Não podia se deixar levar por ela. Não podia deixar que aquele menino fosse morto pelo veneno que o escravizava até há pouco tempo, pelo parasita que matou seu amigo, que lhe havia ensinado tudo o que sabia sobre o ofício do detetive.



Tudo que Lestrade conseguiu fazer, antes de chorar, foi pegar o celular no bolso e chamar uma ambulância.



Os minutos passavam como séculos enquanto o veículo de socorro chegava ao hospital St. Bartholomew, e as teclas do celular pareciam ainda menores e totalmente embaralhadas à sua visão úmida e embargada. Mas após apenas dois toques, a ligação chegava ao destino, atendida por uma voz clara, aristocrática e elegante.



Mycroft Holmes.



Em outras circunstâncias, Greg teria vergonha de ligar para aquela pessoa. Lutaria contra o desejo e a sensação de nostalgia, que lhe lembrava a paixão com que acompanhava sua grandmère, durante a infância, na audição dos dramas e novelas narrados pelas vozes pacíficas, elegantes, quase irreais de tão encantadoras, dos artistas da era de ouro do rádio. Teria vergonha do impulso reprimido de implorar àquela voz eloquente e aveludada, que não se comparava a nenhuma das que ouvira em toda sua vida, que lhe falasse sem parar, por horas a fio.

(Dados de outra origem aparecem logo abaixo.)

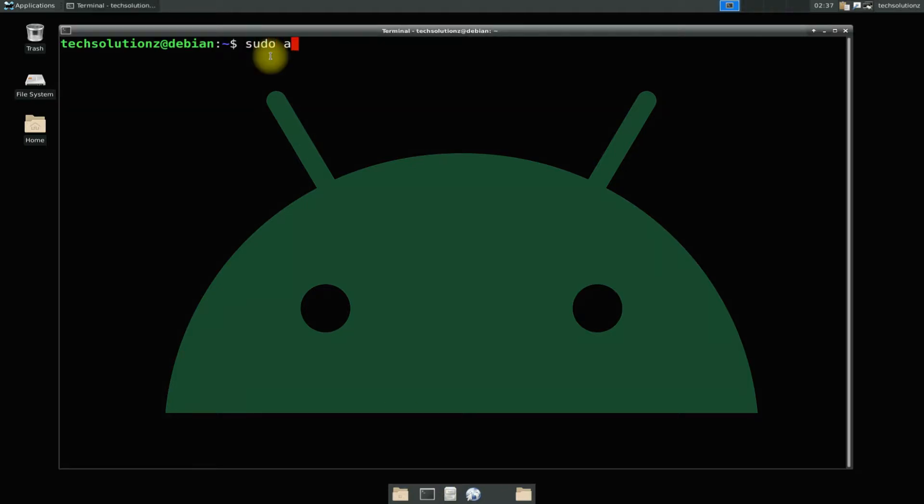Update your Debian 10 with apt update. We are on Debian 10.10.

Mas tudo que ele conseguiu dizer foi:



– Sr. Holmes, preciso que esteja em Barts, o mais rápido possível. Seu irmão acabou de ter uma overdose.



Do outro lado da cidade, em seu escritório em Vauxhall, totalmente sufocado pelo frio aperto de morte do pesadelo que iniciou seu dia, Mycroft teve forças apenas para desligar subitamente o celular e trancar a porta, antes que suas costas desabassem de encontro à parede e ele caísse sentado no chão, chorando amargamente.